# She ain't pretty



## Jeep (Aug 5, 2014)

Well, this was just a random idea and I am glad I am as screwed up as I am, this thing is awesome.
































The last photo is the cardboard egg carton piece filled with dryer lint and wax. This thing with just a bit more tinder burned so sot and had some water bubbling and steaming in 3 minutes. I just decided to put it out after 10 minutes.


----------



## Dalarast (May 16, 2014)

We so need a NSFW only forum so I could add a great picture to this.


----------



## Seneca (Nov 16, 2012)

Nice,

What's with the rabbit pellets? alternative fuel? 

Don't laugh, I've burned dry cow chips, they made a vey hot fire with very little smoke. When in the desert you make due with what's available, or freeze your butt off when the sun goes down.


----------



## Jeep (Aug 5, 2014)

Its actually Goat pellets from when they were roaming free. We are waiting for it to dry along with the sheep dung. This thing exceeded my expectations though. Used with that Dakota hole set up this thing will heat Earth for sleeping near.


----------



## paraquack (Mar 1, 2013)

Buffalo chips. 
Found a new stove, nice and cheap
View attachment 7110


----------



## Jeep (Aug 5, 2014)

Show off !


----------



## Smitty901 (Nov 16, 2012)

When you need flame who cares if it is pretty.


----------



## Jeep (Aug 5, 2014)

I'm gonna try an egg and some water on it tomorrow. See what it can really do


----------



## keith9365 (Apr 23, 2014)

If you have a good idea you want to share, post it. Some may find it useful and use it, some wont but good ideas are worth sharing. Since I live in the south east there is always wood for a fire if I need one as long as it's not pouring down rain. I have frozen my nuts off in wet woods at night though!


----------



## Jeep (Aug 5, 2014)

Its a good point to remember. I was in some 90+ weather that cooled into the high 50's at night, it got miserable.


----------



## Arklatex (May 24, 2014)

Good idea to keep in the back of my mind. Filed away for future use.


----------



## keith9365 (Apr 23, 2014)

Jeep said:


> Its a good point to remember. I was in some 90+ weather that cooled into the high 50's at night, it got miserable.

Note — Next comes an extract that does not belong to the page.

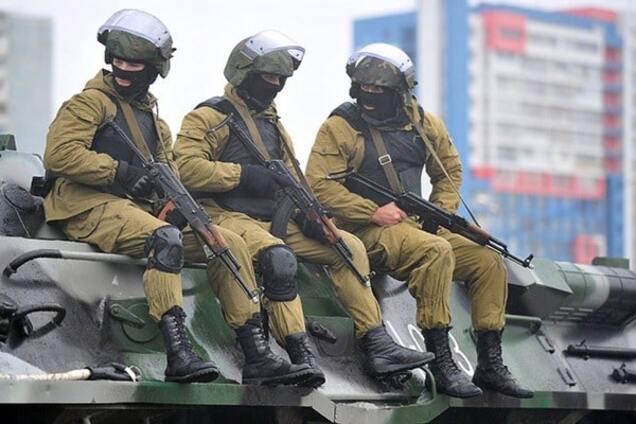 Российские военные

Yep, SC weather is proof that mother nature smokes weed. It can be hot and humid one day, colder than a witch's titty at night, followed by hot again.


----------



## Jeep (Aug 5, 2014)

Simple Coffee can, hole drilled in top. small hole drilled on side to feed it. I plan to pack it full for travel, and let out the kindling I don't need before use. Tomorrow will tell when I cook on it.


----------



## bigdogbuc (Mar 23, 2012)

paraquack said:


> Buffalo chips.
> Found a new stove, nice and cheap
> View attachment 7110


Now I know what to do with those two rims next to the house!


----------



## Arklatex (May 24, 2014)

Jeep said:


> Simple Coffee can, hole drilled in top. small hole drilled on side to feed it. I plan to pack it full for travel, and let out the kindling I don't need before use. Tomorrow will tell when I cook on it.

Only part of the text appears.